1) Faster transfer on PCI bus (Until peak reached)
2) Faster RAID performance
3) Better Memory performance
4) Less lock ups due to an app hogging CPU time.
5) far superior dual monitor perfomance.

all the above things gave my PC a huge boost, and the one thing that gave me the most noticable perfomance boost was the memory performance. I would take fast RAM over a fast CPU any day. and its no wonder why fast ram is expensive.
Mine are Corsiar CL2 modules running in 4way bank interleave.

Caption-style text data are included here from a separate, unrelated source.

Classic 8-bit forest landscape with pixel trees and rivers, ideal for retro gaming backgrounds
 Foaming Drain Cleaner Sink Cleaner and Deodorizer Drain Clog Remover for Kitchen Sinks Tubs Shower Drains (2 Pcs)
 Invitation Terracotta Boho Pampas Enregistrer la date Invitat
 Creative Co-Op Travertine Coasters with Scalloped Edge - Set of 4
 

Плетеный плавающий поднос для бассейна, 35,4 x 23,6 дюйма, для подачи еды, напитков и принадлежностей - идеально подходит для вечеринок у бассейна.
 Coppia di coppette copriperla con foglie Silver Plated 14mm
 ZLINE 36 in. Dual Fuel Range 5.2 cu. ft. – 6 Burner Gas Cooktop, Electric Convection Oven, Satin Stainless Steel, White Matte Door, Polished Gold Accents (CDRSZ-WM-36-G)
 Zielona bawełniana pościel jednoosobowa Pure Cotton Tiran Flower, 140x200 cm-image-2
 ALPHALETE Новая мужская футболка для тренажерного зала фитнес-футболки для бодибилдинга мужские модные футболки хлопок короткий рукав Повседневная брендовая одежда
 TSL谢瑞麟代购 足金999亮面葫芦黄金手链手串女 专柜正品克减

I aggree that MP's and especially XEONS are stupidly expensive.
I can understand why XEONS are expensive, cause they are a totally different chip with several enhancments
but MP's are just higher rated XP's with an unlocked multiplier and the fourth L5 bridge is intact. cant really justify the expence

BTW I have performed many bridge connects for overclocking and SMP on XP's without a hitch, only a steady hand is needed and a good magnifieing glass.
Older XP's have the 4th L5 bridge intact.

Yes you will have to pay more for an SMP system, but you really do get what you pay for.

A fast CPU is great but you can still only do one thread at a time.
A fast CPU is great but a slow Hard drive will just the leave the CPU idle most of the time, ATA 100 RAID 0 is cheap and you can get insane speed out of it.
Why have a swap file when you can just get more RAM?
Get enough RAM to stick the swap file in a RAM drive?
Faster RAM will enable your CPU to work harder and faster, the faster it pics it up the faster it can process it.
Benchmarks are good but they are synthetic and dont really give a good indication of overall system perfomance, things like boot times transfering files, running 30 IE windows and scanning for viruses while compressing the matrix and ripping the soundtrack on the fly. hehe

things like sandra a good for measuring but pretty useless for perfomance testing and load testing.
for starters the CPU tests MIPS, millions of instructions per second. some CPU's have different instructions how can you compare, what intructions is it carrying out? intructions that 50clk cylces or 100 clk cycles??


food for thought........my 2 cents........etc etc.


dam fine choice of beer BTW

RTY
29-05-2003, 12:55 PM
You need to buy a good power supply which is yet another cost.

Ragnor
30-05-2003, 05:59 AM
Yeah it's the old cost vs performance choice...

Don't forget 2 decent HSF's or Waterblocks and ECC ram is recommended.